India and Nuclear Disarmament: A Change in Mood

India’s relationship with nuclear disarmament goes back a long way. Ever since independence , Indian governments have not let go of any opportunity, whatever be the forum, to press upon the international community the urgent need for universal and time bound nuclear disarmament. In fact, even before India attained independence, Jawaharlal Nehru had stated in 1940, “Both because of our adherence to the principle of non-violence and from practical considerations arising from our understanding of world events, we believe that complete disarmament of all nation states should be aimed at, as in fact an urgent necessity, if the world is not to be reduced to barbarism”. 2

In 1945, when the bombs were first dropped on Hiroshima and Nagasaki, Mahatma Gandhi was shocked beyond words. He later said that the bomb would bring moral devastation on those who developed and used it. He vowed to fight for the outlawing of nuclear weapons. While he could not personally conduct this crusade, every Indian government has upheld nuclear disarmament as a moral imperative since the very nature of destruction emanating from the use of nuclear weapons was against the very spirit of humanity. Even when India was not in possession of the lethal weapon, it did not consider an NWFW as an international abstraction, but as an international necessity in whose attainment every nation, big or small, with or without nuclear weapons, had an equal stake. At an anti-nuclear Arms Convention held in New Delhi in 1962, the then Indian president voiced this sentiment when he said, “The non-aligned and neutral people are as much involved in this as those who are knowingly engaged in the criminal conspiracy of creating weapons and conditions that would spell their own annihilation no less than that of others.” 3   Its unique conceptualisation of nuclear disarmament bestowed on India a moral obligation to pursue the objective within the United Nations and outside it, through appeals, proposals and action plans for over 50 years. 4

The moral tone set by Gandhi and Nehru has largely directed the Indian posture on nuclear disarmament for a good part of India’s independent history. From the 1950s, when Nehru had pioneered proposals for worldwide nuclear disarmament, including the ideas of a nuclear test ban treaty and a freeze on the production of fissile material, to the 1982 “Programme of Action on Disarmament” and later, the 1988 Rajiv Gandhi “Action Plan for Ushering in a Nuclear Weapon Free and Non violent World Order”, and then the 1993 resolution for securing an early global ban on the production of fissile material, India’s official nuclear policy has remained guided by the desire to attain a state of universal nuclear disarmament.
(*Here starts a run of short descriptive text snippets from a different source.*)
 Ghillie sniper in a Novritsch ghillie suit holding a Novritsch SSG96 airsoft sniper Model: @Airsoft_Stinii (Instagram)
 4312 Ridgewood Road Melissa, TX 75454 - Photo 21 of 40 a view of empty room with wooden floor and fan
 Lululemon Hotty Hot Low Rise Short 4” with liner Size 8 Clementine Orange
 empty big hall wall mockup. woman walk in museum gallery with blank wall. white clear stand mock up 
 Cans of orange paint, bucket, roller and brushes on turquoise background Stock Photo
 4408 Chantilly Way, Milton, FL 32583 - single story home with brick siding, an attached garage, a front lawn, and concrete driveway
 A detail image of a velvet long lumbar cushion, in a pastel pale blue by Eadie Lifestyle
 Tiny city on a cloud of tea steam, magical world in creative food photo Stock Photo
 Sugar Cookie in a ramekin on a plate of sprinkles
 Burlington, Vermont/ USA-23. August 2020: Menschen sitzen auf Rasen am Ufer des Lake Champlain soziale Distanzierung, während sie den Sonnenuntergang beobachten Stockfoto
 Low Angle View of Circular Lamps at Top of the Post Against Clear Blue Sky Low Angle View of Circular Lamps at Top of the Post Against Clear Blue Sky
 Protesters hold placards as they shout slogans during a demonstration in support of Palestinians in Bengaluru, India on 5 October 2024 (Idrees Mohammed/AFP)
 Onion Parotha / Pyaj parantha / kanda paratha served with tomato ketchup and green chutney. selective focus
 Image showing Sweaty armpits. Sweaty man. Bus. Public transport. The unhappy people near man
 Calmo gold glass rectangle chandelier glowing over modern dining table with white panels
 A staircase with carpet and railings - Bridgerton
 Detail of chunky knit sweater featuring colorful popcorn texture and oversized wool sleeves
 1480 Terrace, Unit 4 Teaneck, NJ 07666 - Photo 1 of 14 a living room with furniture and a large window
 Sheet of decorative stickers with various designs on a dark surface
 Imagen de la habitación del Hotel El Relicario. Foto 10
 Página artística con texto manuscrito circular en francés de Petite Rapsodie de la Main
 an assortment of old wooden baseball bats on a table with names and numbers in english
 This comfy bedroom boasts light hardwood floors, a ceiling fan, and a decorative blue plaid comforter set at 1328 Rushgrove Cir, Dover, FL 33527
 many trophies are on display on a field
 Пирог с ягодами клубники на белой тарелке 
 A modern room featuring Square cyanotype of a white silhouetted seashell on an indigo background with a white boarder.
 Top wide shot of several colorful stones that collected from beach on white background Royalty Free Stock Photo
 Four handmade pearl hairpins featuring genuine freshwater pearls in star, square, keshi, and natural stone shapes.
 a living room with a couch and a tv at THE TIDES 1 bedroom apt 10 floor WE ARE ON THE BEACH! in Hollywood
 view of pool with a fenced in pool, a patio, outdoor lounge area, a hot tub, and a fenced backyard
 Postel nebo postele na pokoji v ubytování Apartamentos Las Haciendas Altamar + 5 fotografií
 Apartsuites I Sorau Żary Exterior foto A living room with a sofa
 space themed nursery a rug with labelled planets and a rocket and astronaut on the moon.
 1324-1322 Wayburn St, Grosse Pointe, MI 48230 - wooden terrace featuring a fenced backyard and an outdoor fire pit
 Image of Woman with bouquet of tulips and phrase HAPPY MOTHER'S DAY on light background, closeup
However, the debate on nuclear disarmament within India cannot be described as having grown into a monolith. Rather, voices of dissent to the official position had begun to be heard as far back as the early 1960s after India’s defeat at the hands of the Chinese and then the demonstration of Chinese nuclear capability. Both these developments gave rise to a pro bomb lobby, though its reach remained limited. Over the next two decades, both sides, pro bomb and anti bomb, shared the room for manoeuvrability as the official Indian position remained one of nuclear ambiguity. The sense of idealism and the principled approach was adequately balanced by the belief that national security considerations demanded the availability of all options.

More recently though, and especially over the last half a decade or so, the mood within India on the question of nuclear disarmament has undergone a perceptible change. In a specially commissioned Kroc Institute poll in 1995, the survey examined public opinion on India’s nuclear options. It was discovered that 57 per cent of the respondents wanted India to keep its nuclear options open; 33 per cent favoured an acquisition of an overt nuclear weapons capability; and, only 8 per cent supported the renunciation of a nuclear option for India. 5   The results of this survey, however need to be qualified by stating that the last option which garnered such meagre support specifically pertained to the case of a unilateral renunciation of nuclear weapons by India and therefore, cannot be taken as a true reflection on the need for universal nuclear disarmament that India has constantly urged.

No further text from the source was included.